» Activity: Take the lines from the one with "Two of the boosters" through the last line of the material below and write them out exactly, without any pictures.

» Dataset entries:
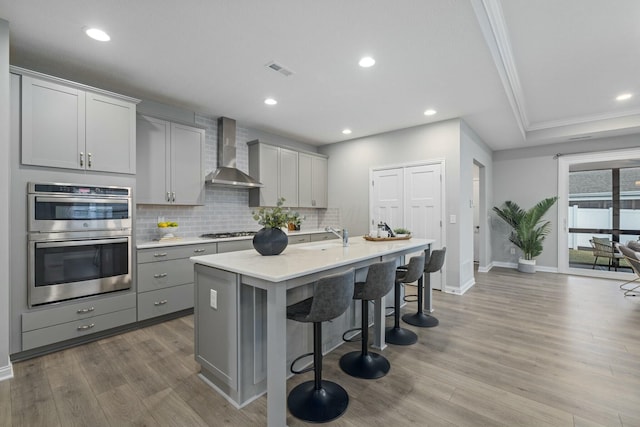 kitchen featuring wall chimney exhaust hood, a kitchen breakfast bar, gray cabinets, an island with sink, and stainless steel appliances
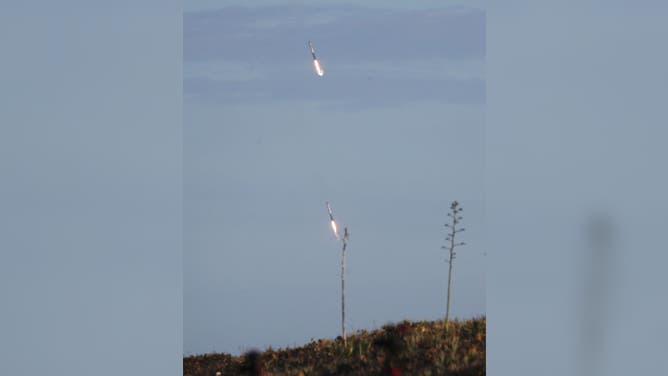 Two of the boosters are seen as they land at Cape Canaveral Air Force Station after the launch of SpaceX Falcon Heavy rocket from launch pad 39A at NASA’s Kennedy Space Center on April 11, 2019 in Titusville, Florida. The rocket is carrying a communications satellite built by Lockheed Martin into orbit. (Photo by Joe Raedle/Getty Images)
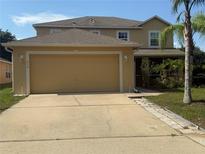Inviting two-story home featuring an attached two-car garage and a well-manicured lawn at 436 Hammerstone Ave, Haines City, FL 33844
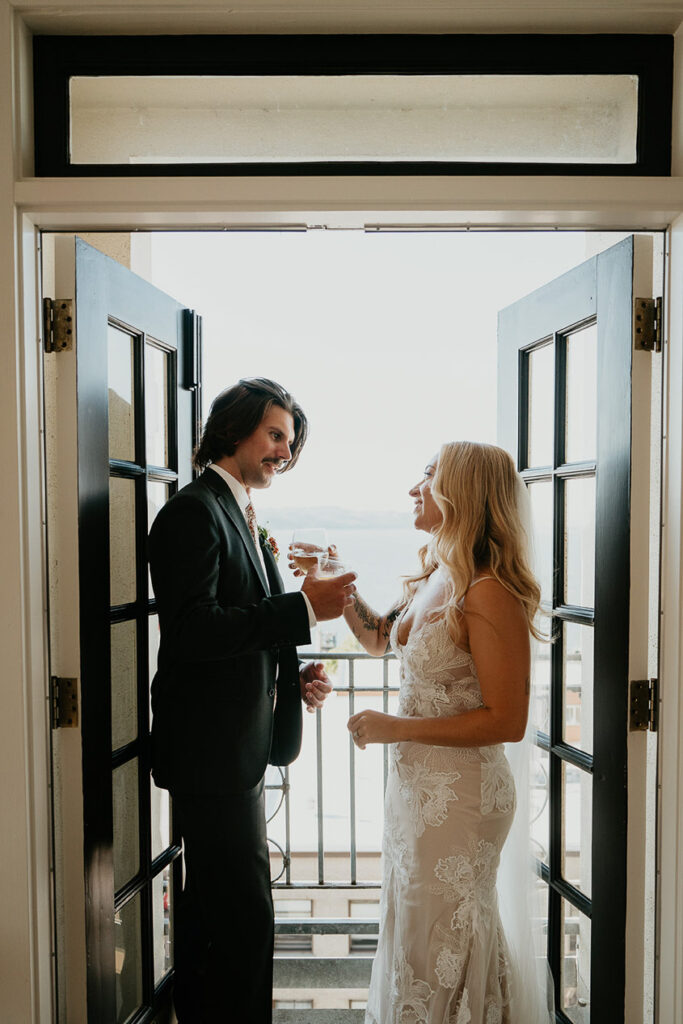 the bride and groom sharing a drink in a doorway. 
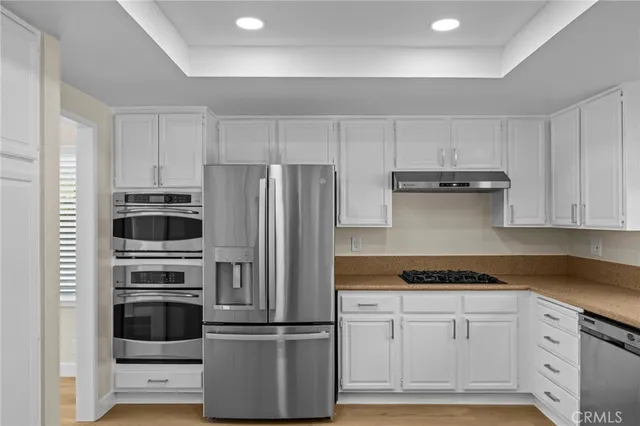 a kitchen with cabinets and stainless steel appliances
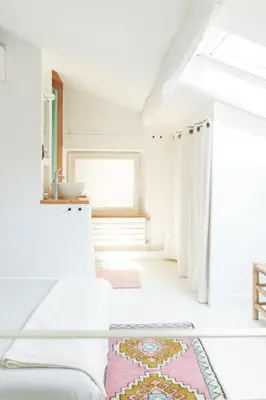 a white room with a bed and a window at Duplex au cœur du vieux Nice in Nice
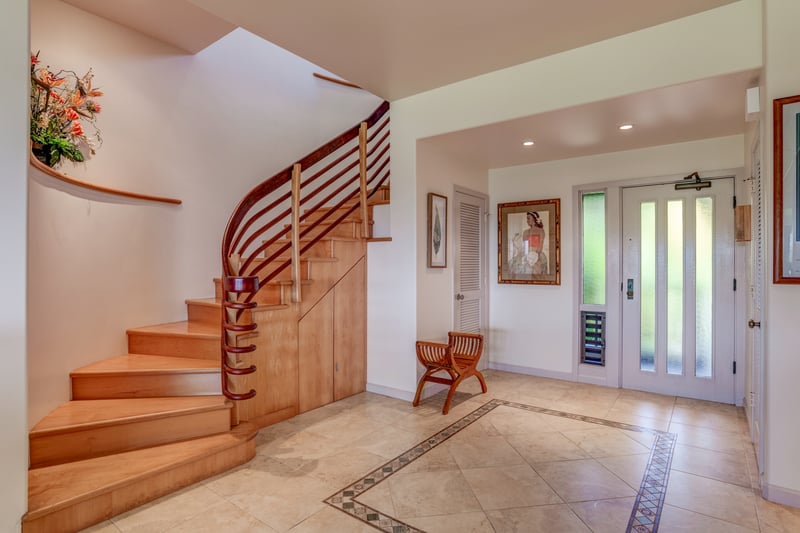 Enter in style! This grand staircase and sunlit foyer set the scene for an upscale island getaway you'll never forget KRV-722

» Solved problem:
 Two of the boosters are seen as they land at Cape Canaveral Air Force Station after the launch of SpaceX Falcon Heavy rocket from launch pad 39A at NASA’s Kennedy Space Center on April 11, 2019 in Titusville, Florida. The rocket is carrying a communications satellite built by Lockheed Martin into orbit. (Photo by Joe Raedle/Getty Images)
Inviting two-story home featuring an attached two-car garage and a well-manicured lawn at 436 Hammerstone Ave, Haines City, FL 33844
 the bride and groom sharing a drink in a doorway. 
 a kitchen with cabinets and stainless steel appliances
 a white room with a bed and a window at Duplex au cœur du vieux Nice in Nice
 Enter in style! This grand staircase and sunlit foyer set the scene for an upscale island getaway you'll never forget KRV-722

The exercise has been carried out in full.